The general direction of the reforms that codify access to land has been to end or greatly restrict the old systems of state-managed land confiscation and redistribution. Limits placed on the size of land ownership have been relaxed or removed. Communal or state owned agricultural land are frequently being distributed to the users of the land. There have also been dramatic changes in laws governing land markets. New laws have been passed permitting the sale, rental, and sharecropping of all land. Laws have been changed to permit foreign and corporate leasing and ownership of land. There have also been land titling initiatives to encourage land registration. New laws permit the use of land as collateral in credit transactions.

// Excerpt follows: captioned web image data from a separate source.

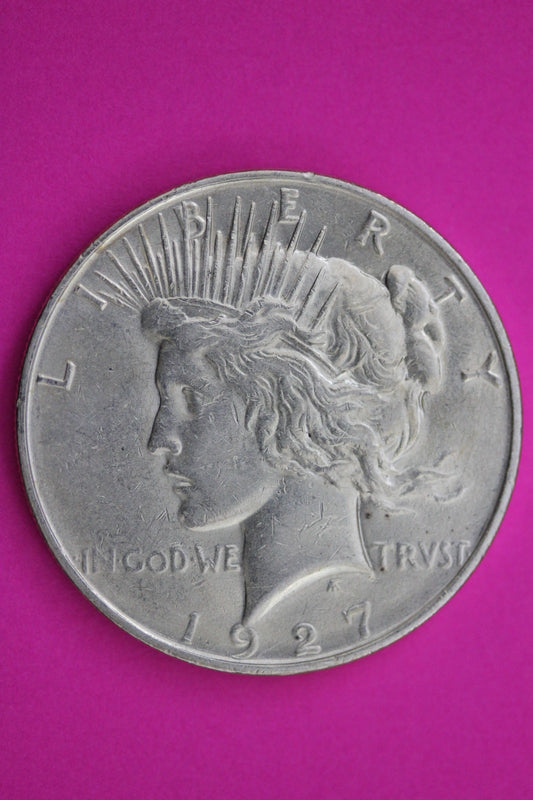 1927 D Peace Silver Dollar LIberty Coin Guaranteed Genuine American Seller 2017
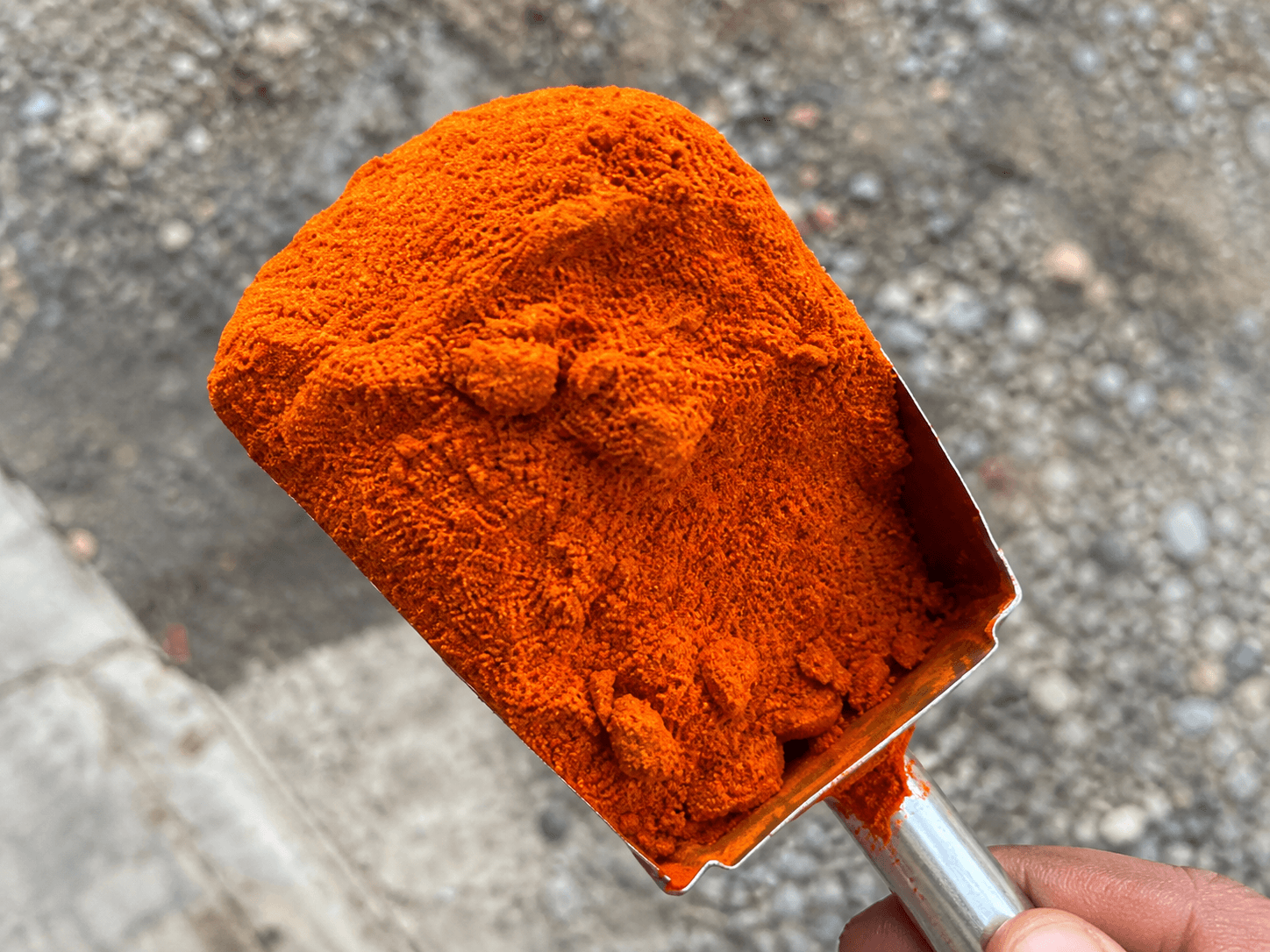 Orange-red chilli powder heaped on a metal scoop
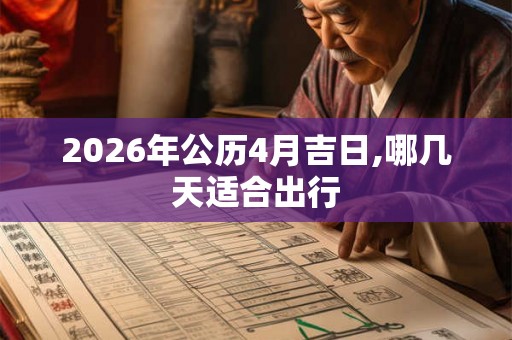 2026年公历4月吉日,哪几天适合出行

In Colombia, the state land reform agency, INCORA, was phased out of its role in purchasing and redistributing land. In Mexico, the 1992 reform of Article 27 of the Constitution and the new Agrarian Reform Law put an end to fifty years of redistributive and restitutive land reform. By contrast, the "reform of the reform" allows to title individually, sell, and rent land formerly owned by the ejido, allows foreign corporations to own and lease land, and increased the permissible landholding limit (Randall, 1996). A land titling program, PROCEDE, was created to assign certification titles (preliminary titles) to the ejidatarios in ejidos that request this procedure. By July 1996, 25% of the ejidos had completed this process, 40% were in progress, and 35% had not initiated procedures. However, only 258 of a total of 29,135 ejidos had demanded that these certification titles be transformed into private property titles allowing the unrestricted sale of land. This lack of progress toward final titling was due to a variety of causes, including ejidatarios' fear of abuse by powerful caciques in final titling, desire to preserve the agrarian community intact with the advantages it confers in compensating for market failures for labor and insurance, interest in maintaining the privileged attention by government which the ejido has historically enjoyed, fear that a land tax would be imposed upon privatization, lack of perceived benefits in areas where the land has only marginal economic value, and disinformation by entrenched old-style ejido leaders. In Peru, the Agricultural Investment Promotion Law of 1991 liberalized the sale and lease of land to individuals and corporations regardless of nationality. The law raised the maximum land holding limit and permits sugar cooperatives to restructure into corporations. In Chile, where land ownership had been capped under the Frei and Allende governments to 80 hectares of basic irrigated land, limitations on land ownership have now been eliminated and lands in the former land reform sector have been privatized.

4.2. Transitional Issues

Over-valued land. In many countries, land values have been inflated by policies that encourage investment in land for non-agricultural reasons. The price of land may exceed the capitalized value of future agricultural profits if the land is being used as a hedge against inflation, as an asset that can be liquidated to smooth consumption in the face of risk, as collateral for access to loans, as a tax shelter, or as a means of laundering illicit funds. In Chile, land was used as a hedge against inflation before the advent of indexed savings systems and developed capital markets. Distortionary policy interventions in credit, factor, or product markets, as well as biased access to public services such as information and technology, that inflate agricultural profits will also inflate land values. If these distortions create differential benefits, particularly associated with scale, inflated land values prevent those who do not benefit from the distortions to bid for land on land markets, the landless and smallholders in particular. Getting land markets to work for the landless and smallholders thus requires eliminating policy distortions that create benefits that cannot accrue to them.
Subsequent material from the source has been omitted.